Première édition de l’Ultra-trail running M’Foa-Ndjindji
Ils ont fait Brazzaville/Pointe-Noire
à pied, en huit jours
Ça y est, c’est fait! Ils ont quitté la berge du Fleuve Congo, à Brazzaville, le dimanche 23 août, ils ont atteint la côte maritime, à Pointe-Noire, le dimanche 30 août 2026. Soit huit jours de course en sept étapes, pour un parcours de 582 Kms. C’est la première édition de l’Ultra-trail running M’Foa-Ndjindji, organisée par l’Association multisport Lion d’or de José Cyr Ebina, lui-même participant à cette expérience sportive de fond. Flavien Diakabana s’est imposé dans la dernière étape, Malélé/Pointe-Noire (30 km), en 2 heures 5 minutes, devant Guelor Vedze (2h 14 min) et Charlemagne Samba (2h 15 min). Ils étaient 80 coureurs ayant pris le départ, 16 ont franchi la ligne d’arrivée.
Flavien Diakabana a confirmé son statut de champion de la première édition de l’Ultra-trail running M’Foa-Ndjindji. Il s’est illustré lors des deuxième, troisième, quatrième et sixième étapes. Il avait notamment remporté les 70 kilomètres entre Boulankio et Ngatoko, les 60 kilomètres entre Ngatoko et Mindouli, puis les 104 kilomètres entre Mindouli et Biyoki, ainsi que les 79 kilomètres entre le PK 150 et Doumanga, une étape particulièrement éprouvante, en raison du brouillard, de la pluie et des conditions de sécurité sur cette portion sensible de la Route nationale n°1.

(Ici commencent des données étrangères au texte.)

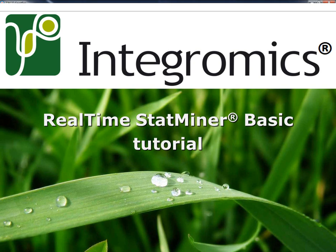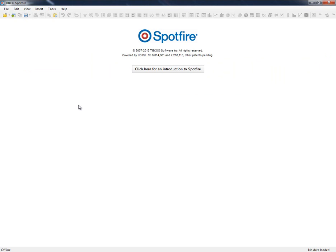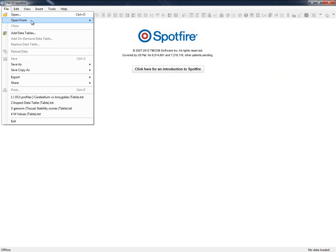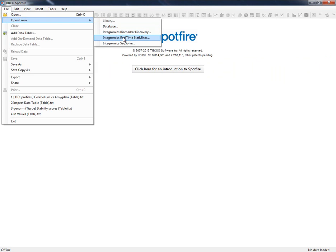Welcome to the video tutorial on how to use StatMiner for the TIBCO Spotfire application. This tutorial will give you an overview on how to start working with StatMiner, including preparing an example analysis from the qPCR wizard and getting all the quality reports and differential expression results based on the default analysis settings.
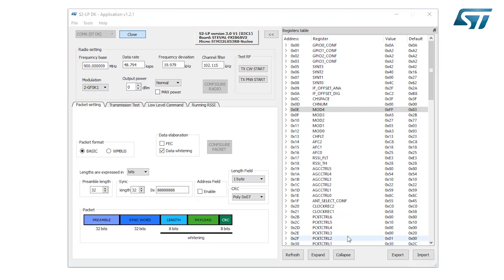Before ending this video, it's important to underline the GUI emulator feature. It's possible to simulate the device without any board connected to the PC through the emulator button. When selected, the user can use the GUI as if a board were connected to the PC. Let's see how it works.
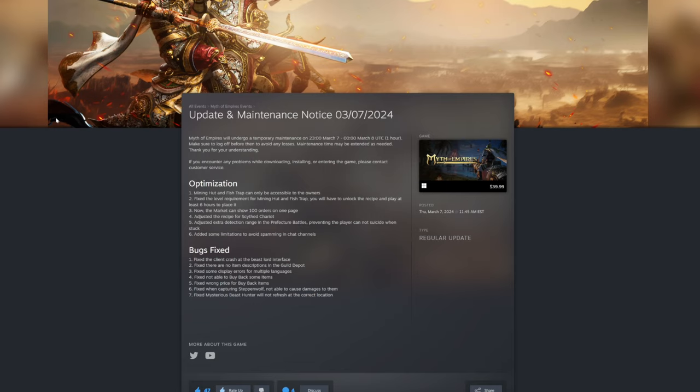Fix the capturing steppenwolf not being able to cause damage to them, and fix the mysterious hunter not refreshing at current location. So very short one, not very big like the last one, but some good changes.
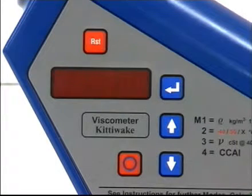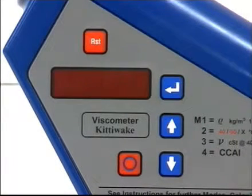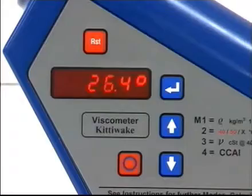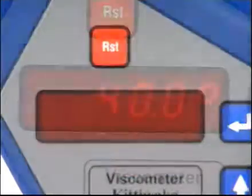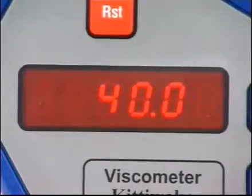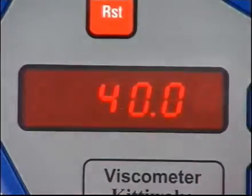Because the viscosity of oil is so dependent upon its temperature, it is very important that the temperature in the viscometer is accurately controlled and allowed to stabilize.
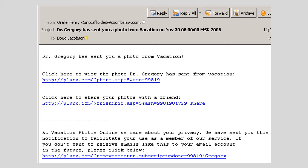The email continues: "At Vacation Photos Online, we care about your privacy. We have sent you this notification to facilitate your use as a member of our service. If you don't want to receive emails like this in the future, please click below." This email claims the links lead to a photo sharing service which Dr. Gregory is using to share his vacation photos. In reality, the links will take the recipient to webpages loaded with malware or scams.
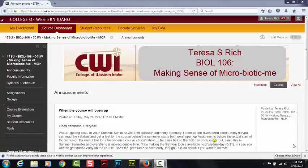Hi, everyone. I wanted to do a tour of my Blackboard site because, let's be honest, all of the instructors here at CWI have a different setup for their Blackboard. So let me walk you through how I do mine.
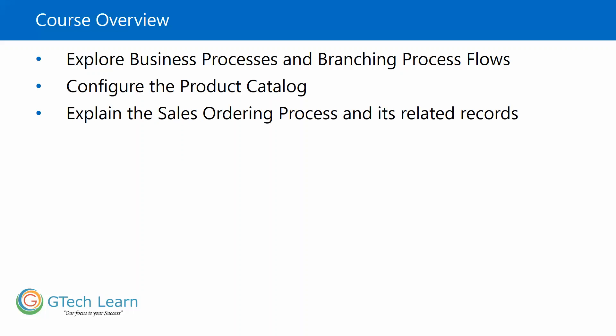We will also talk about explaining the sales order process and its related records, converting all the way down from leads up to the order processing and invoicing.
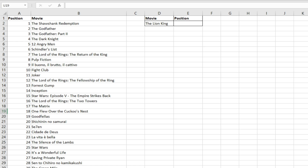We're going to run through a quick example to illustrate this point. We've got the top 100 films from the Internet Movie Database, with their position in column A and the movie title in column B.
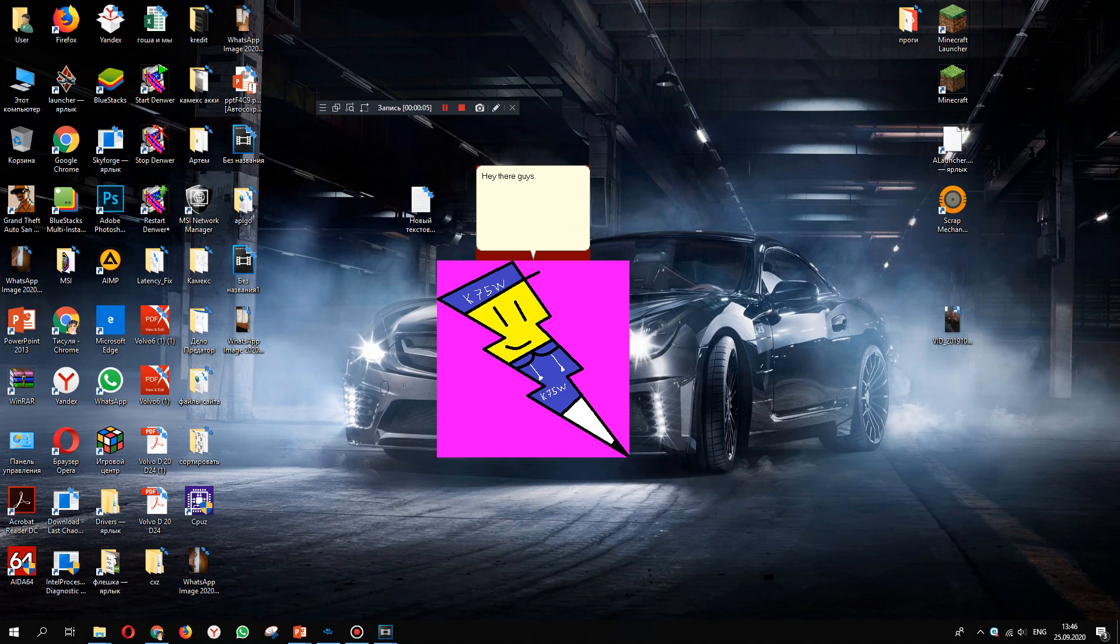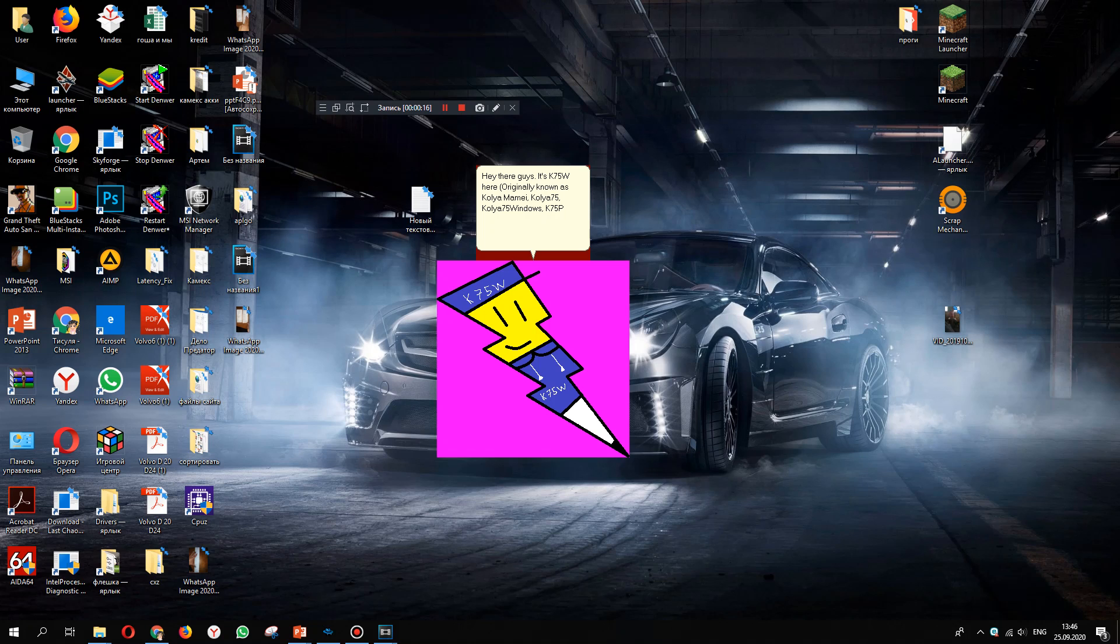Hey there guys, it's K75W here, originally known as Kali Mammy, Kali 75, Kali 75 Wimbos, K75P Gaming, Kull, Kulls, and Kuroi, and today I have something to tell you.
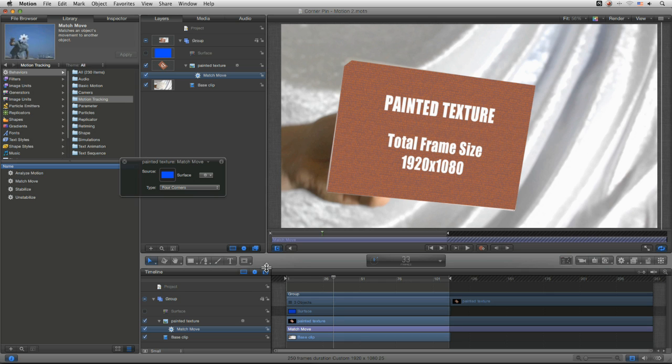In the next exercise we're going to be looking at another way of using that tracking data this time to do stabilization.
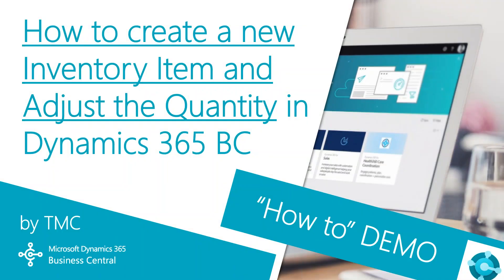Hello and welcome to TMC's how-to demo series for Dynamics 365 Business Central where we explore the features of Business Central.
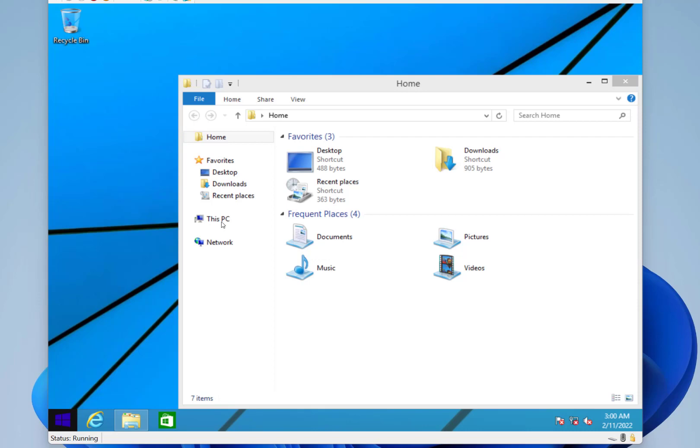There's a couple of other things as well that were introduced with this build. There was the home, which when you launch File Explorer, like this one, in Windows 10, it became quick access, but here it is in as a home.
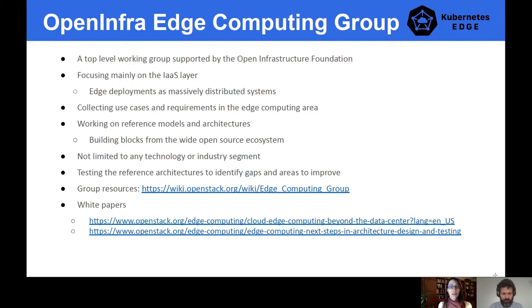These architecture models are there to help the industry, identify gaps, and see what we should be working on in the open source ecosystem to fill them. You can check out the group on the wiki — the link is on the slide — and we published two white papers covering use cases in telecommunication, retail, and even how to modernize and automate shrimp farms. Links to the white papers are on the slide as well.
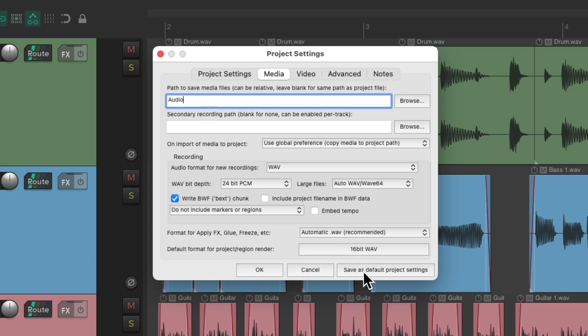And if we save it as the default project settings, all our new projects will have this folder already created for it.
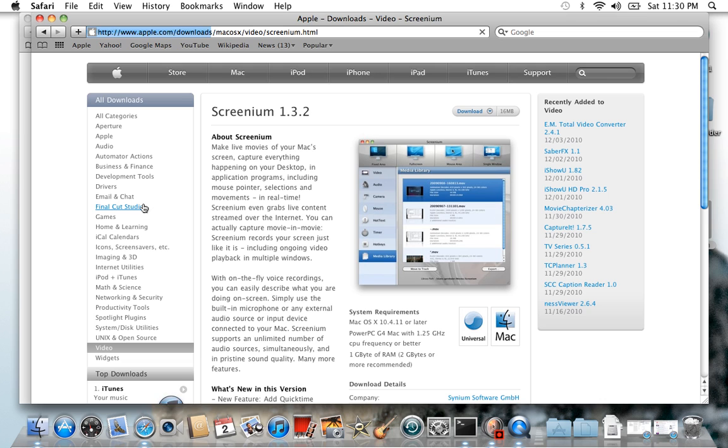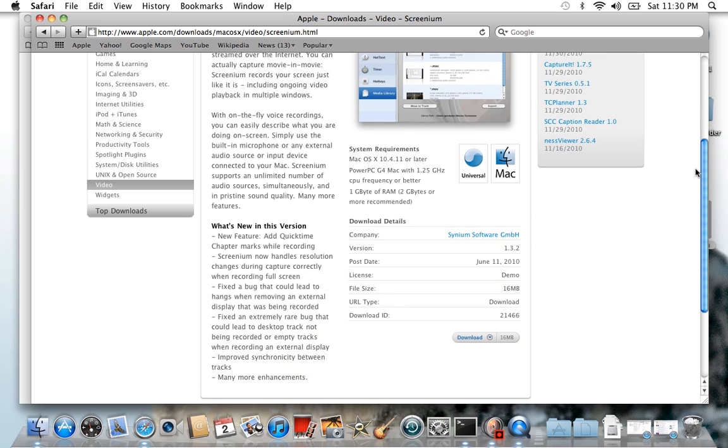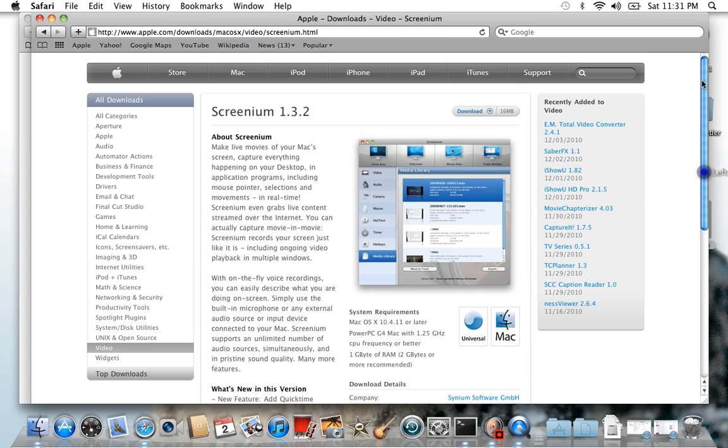You click here and this is what you'll see. Then you want to come down here and there's download. Then you download it, but it's going to ask you for a code. If you don't have the code, it will be a demo.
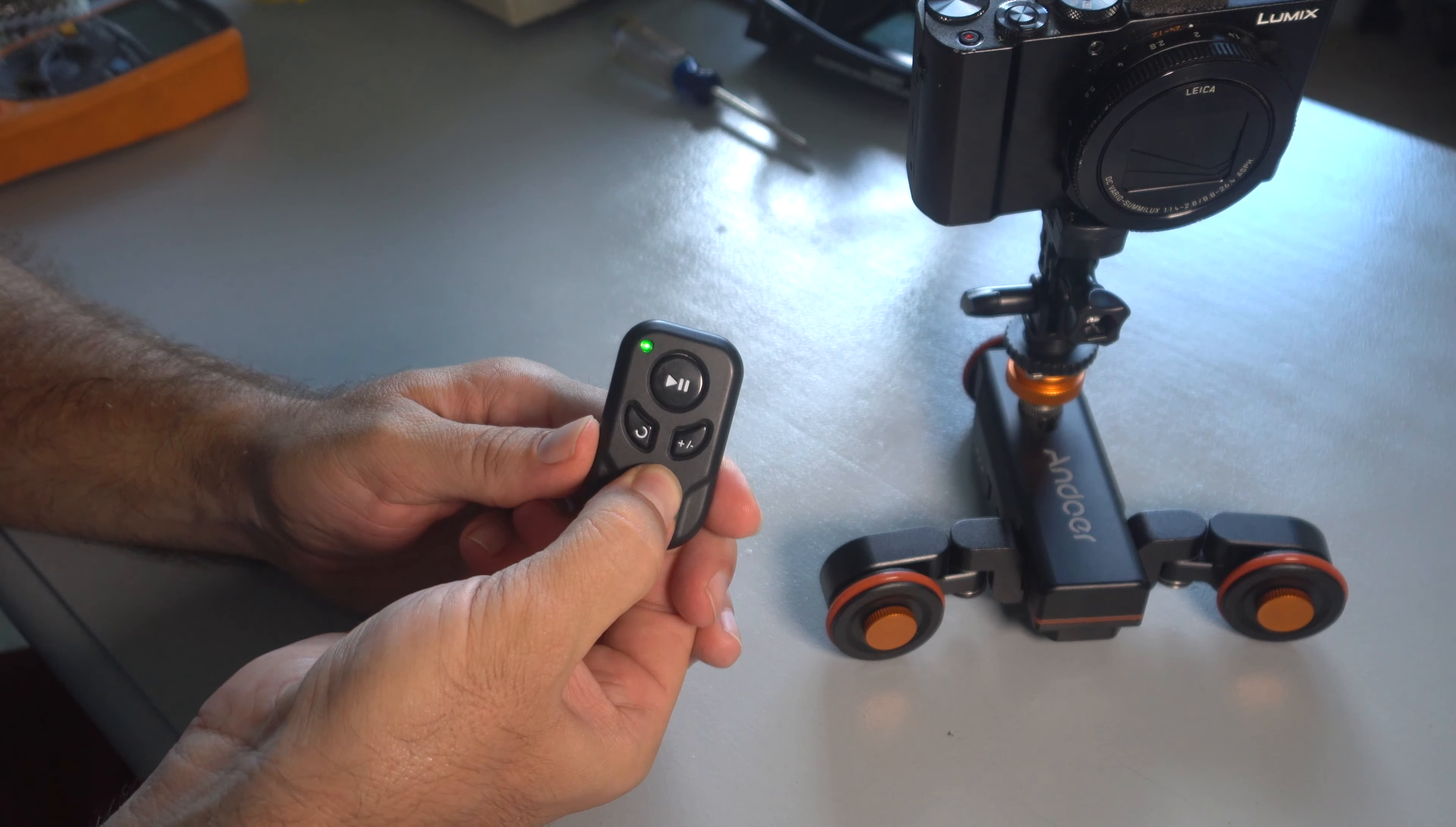So we're going to find out if we can do something about this. What we're going to do is we're going to take out these two Phillips little screws here from the remote. First one. And second one. So this thing should just pop right open. There we go. And here you see the electronics inside.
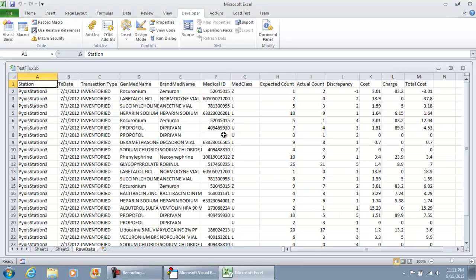And there you have it. That completes this portion of the video of recording a macro to transfer raw data from one file and place it into your workbook.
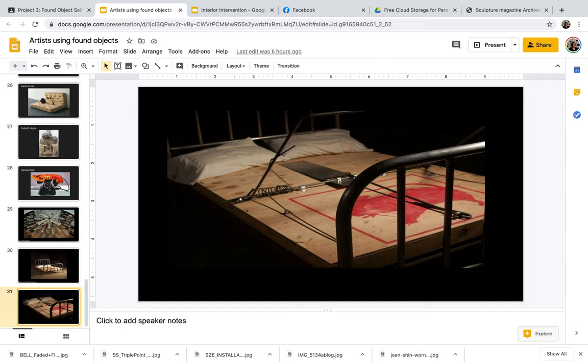And that is the last slide I have for you. So be sure to read up on the following articles on the assignment page. And I look forward to seeing what you come up with for your found object self-portraits.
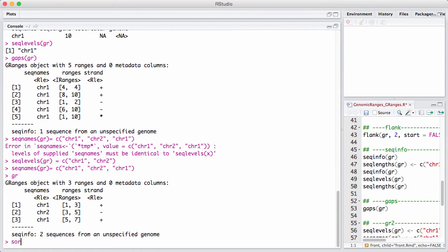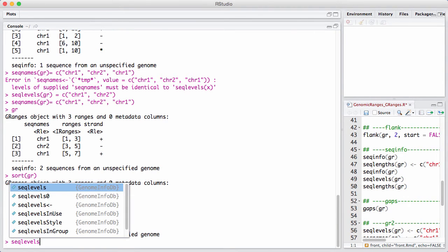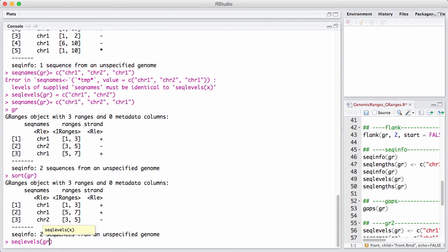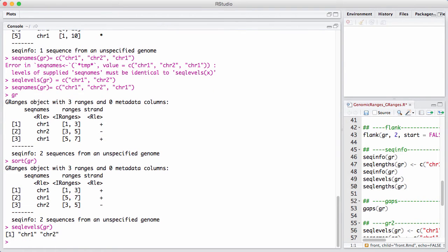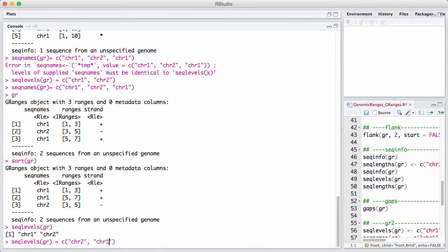Often we sort GRanges, and the sorting order seems to be sensible here, but it's actually relative to the ordering of the seed levels. So here we have seed levels that are chromosome 1 and chromosome 2. Let's reverse that. So we are essentially saying that chromosome 2 comes before chromosome 1.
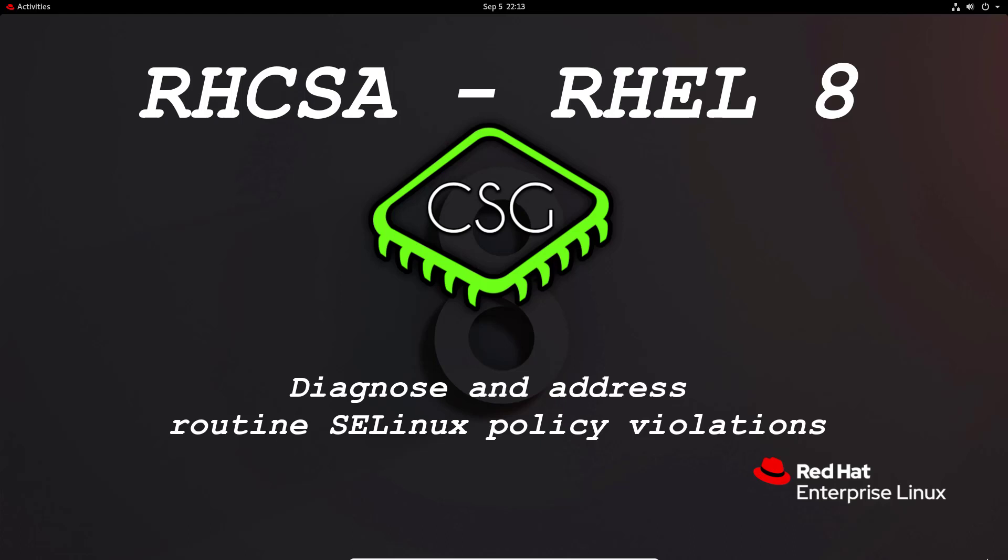Hi and welcome to another video in the RHCSA video series. Today's video is on Diagnose and Address Routine SELinux Policy Violations.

La cinquième étape, disputée le 27 août sur 114 kilomètres, entre Biyoki et le PK 150, avait été remportée par Frangelin Ebobi, secondé par Brice Matoko. Il s’agissait du plus long parcours de cette édition. La première étape, quant à elle, avait été remportée par Maël Smith Okouéké, avant sa disqualification lors de la deuxième journée.

Malgré les difficultés rencontrées tout au long de la compétition, notamment les conditions météorologiques et les risques liés à certains axes routiers, les athlètes ont pu poursuivre leur course, grâce à l’équipe médicale constituée de deux médecins et une masseuse professionnelle, l’encadrement de l’équipe logistique et les consignes de sécurité fournies par les agents de la L.c.r (La congolaise des routes), qui ont accompagné les coureurs lors des étapes les plus sensibles.